> _TRY IT_
Output only the lines of the entries that follow, starting at the one with "image for item" and running down to the one with "Toyota Coaster 公路客運汽車", both included and unchanged.

** EXTRACTED RECORDS follows **

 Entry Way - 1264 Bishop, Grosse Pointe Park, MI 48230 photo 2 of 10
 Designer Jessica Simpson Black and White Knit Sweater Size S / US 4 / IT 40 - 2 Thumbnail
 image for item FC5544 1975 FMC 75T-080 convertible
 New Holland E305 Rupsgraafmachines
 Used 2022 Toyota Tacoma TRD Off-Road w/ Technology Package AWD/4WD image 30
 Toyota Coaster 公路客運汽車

** End of EXTRACTED RECORDS **
** EXTRACTED RECORDS follows **

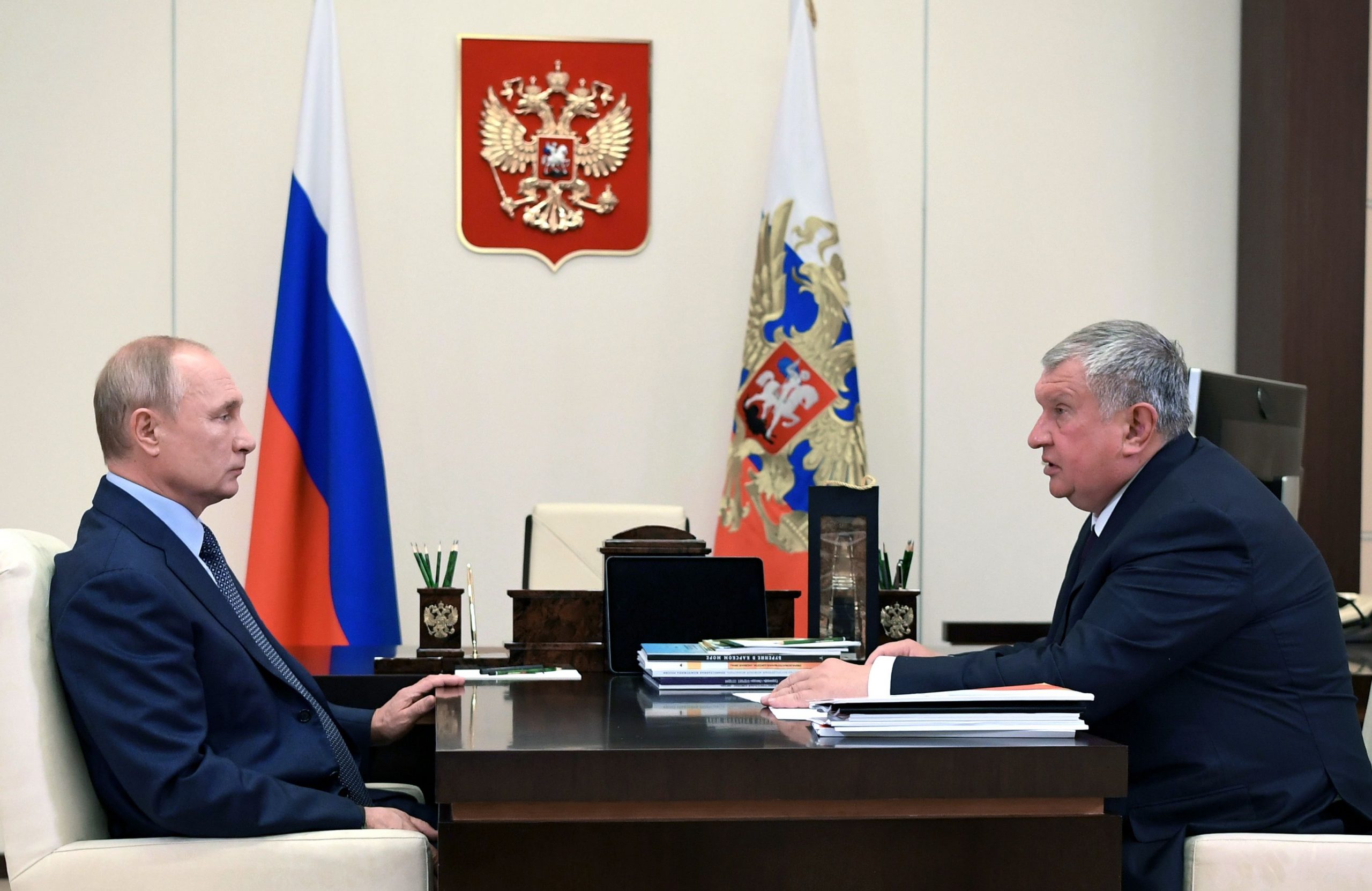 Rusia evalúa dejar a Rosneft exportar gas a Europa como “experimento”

** End of EXTRACTED RECORDS **
** EXTRACTED RECORDS follows **

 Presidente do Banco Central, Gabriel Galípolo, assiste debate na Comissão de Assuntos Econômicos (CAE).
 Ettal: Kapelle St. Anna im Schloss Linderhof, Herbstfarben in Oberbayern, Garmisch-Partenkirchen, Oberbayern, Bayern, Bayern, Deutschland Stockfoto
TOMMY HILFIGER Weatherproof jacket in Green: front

** End of EXTRACTED RECORDS **

> _ANSWER SPACE_
 image for item FC5544 1975 FMC 75T-080 convertible
 New Holland E305 Rupsgraafmachines
 Used 2022 Toyota Tacoma TRD Off-Road w/ Technology Package AWD/4WD image 30
 Toyota Coaster 公路客運汽車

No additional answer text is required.